Weekly Story: Doing It Properly

by Rabbi Sholom DovBer Avtzon

I heard the following thought last Shabbos from Rabbi Eliyahu Landau (a son of Rabbi Yaakov Landau of Bnei Brak).

As always, your comments and feedback are appreciated. 

It used to be that weddings were smaller than nowadays, as then you only invited your really close friends. Nowadays, the parents look at the community list and in addition to inviting their close friends, they see who else they have to invite. After all, they don’t want anybody to feel insulted. And sometimes the second group is larger than the first group.

Now, when this person receives the invitation he shakes his head, wondering why he was invited. He thinks, “Yes, we daven in the same shul, but we have nothing to do with each other beyond that. However, even though I have what to do that evening, I must go to the wedding or the host will be insulted.”

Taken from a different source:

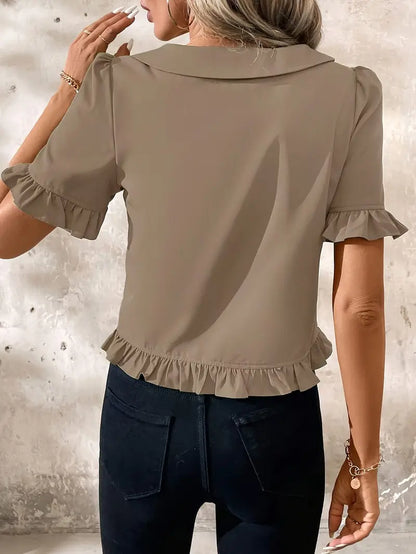 Alexandra™ | Elegant Short Sleeve Blouse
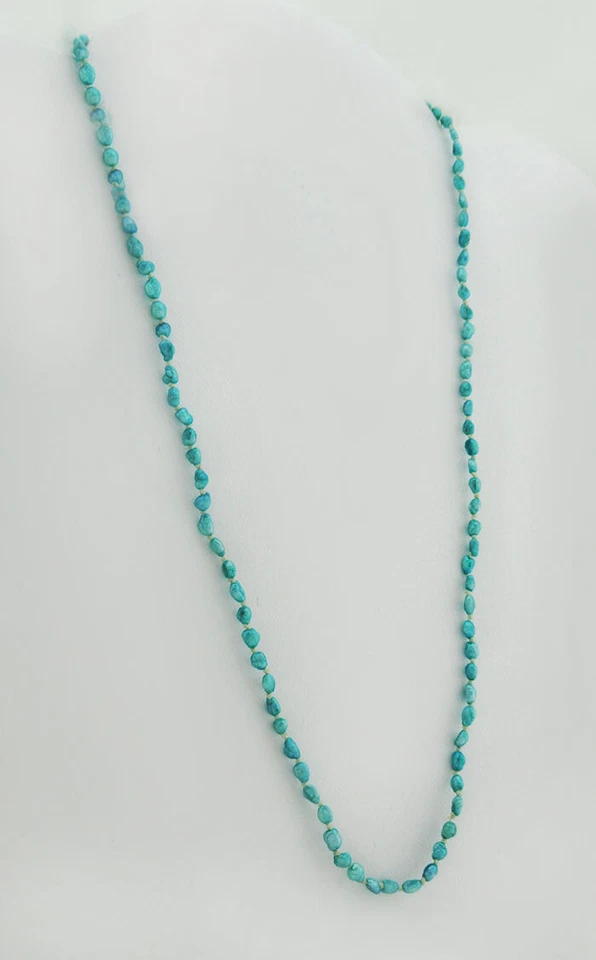 GENUINE TURQUOISE PEARLS NECKLACE 14K YELLOW GOLD ** NWT **Free Shipping**  - Image 3 of 3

So the invitation was sent out in order that the person not be insulted and the person came in order not to insult the host, so tell me, once he is there, is he dancing with enthusiasm and adding to the celebration or is he merely going through the motions? 

If your answer is that he is going through the motions, the question becomes is he truly there mentally or is he there only physically? 

The answer is obvious. 

With this introduction, we can understand a statement at the beginning of chapter 123 in Shulcan Aruch. There it is stated that one who doesn’t take three steps backward after Oseh Shalom, it is as if he didn’t daven at all.

One can understand if it is considered as if the person didn’t daven properly.  But to say that he didn’t daven at all, how can you say that when we see that he did daven?!

The explanation is simple. When one is davening Shemoneh Esrei, he is talking with Hashem. When one is engaged in an activity and then has to take care of something else, he has to make some kind of separation between the two. Otherwise, the energy that he invested in the first thing will continue into the second thing.

Therefore, in order for him to be able to become involved in other affairs after Davening, he takes three steps backward, demonstrating that he was focused on his conversation with Hashem and is now shifting to what he is going to do now. However, when he doesn’t take three steps backward and immediately becomes involved in something else, that indicates that he was going through the motions but wasn’t really davening. Therefore, it is written as if he didn’t daven at all.

An obvious benefit is that once a person realizes that he is talking with Hashem, if a thought comes to mind that is not related to the davening then it is much easier to dismiss it. For after all, this thought is interrupting a conversation with none other than the Master of the Universe Himself.

As with most farbrengens, other aspects that are somewhat to the topic being discussed also come up. Here was no different.

Rabbi Landau mentioned that one Shemini Atzeres while the Radat”z (Reb Dovid Tzvi Chein) was making kiddush, someone asked why we say in the tefilla of Geshem “L’Chaim v’loh Lamuves” – To life and not to death. V’loh is a negative and La of Lamuves is also a negative and two negatives make a positive, which would then mean and to death.

When the Radat”z concluded reciting the Kiddish he said, “We are requesting that we shall live with life and not just that we are not dead.”

This thought should permeate every action of ours. When we daven or learn, as well as when we do a mitzvah, we should do it with vigor and enthusiasm, and not just read some words or mechanically do an action.

Rabbi Avtzon is a veteran mechanech and the author of numerous books on the Rebbeim and their chassidim. He can be contacted at avtzonbooks@gmail.com

4 Comments

  • Mushkie

    When we daven or learn, as well as when we do a mitzvah, we should do it with vigor and enthusiasm, and not just read some words or mechanically do an action.

    Is that point not already articulated by Chazal saying that davening without kavana is like a guf without a neshama (=a corpse)?

  • Levi’k

    “So the invitation was sent out in order that the person not be insulted and the person came in order not to insult the host, …”

    No disrespect to R’ Avtzon or R’Landau but I came to another conclusion: How beautiful this is and exact opposite of Kamtza and Bar Kamtza – to over invite and over attend in order not to insult anyone!

    • Sholom Avtzon

      If the baal Simcha is inviting additional people to forge a better relationship heshould be applauded as the commentator noted.
      However, Rabbi Landa was using the situation which can also be that he doesn’t want to insult anyone as a metaphor to explain this halach

  • Sholom Avtzon

    Concerning the first comment that our chazal compare it to a guf (body) without a Neoshoma (body), the halacha in Shulcan Aruch is saying that it as if the person didn’t da en at all.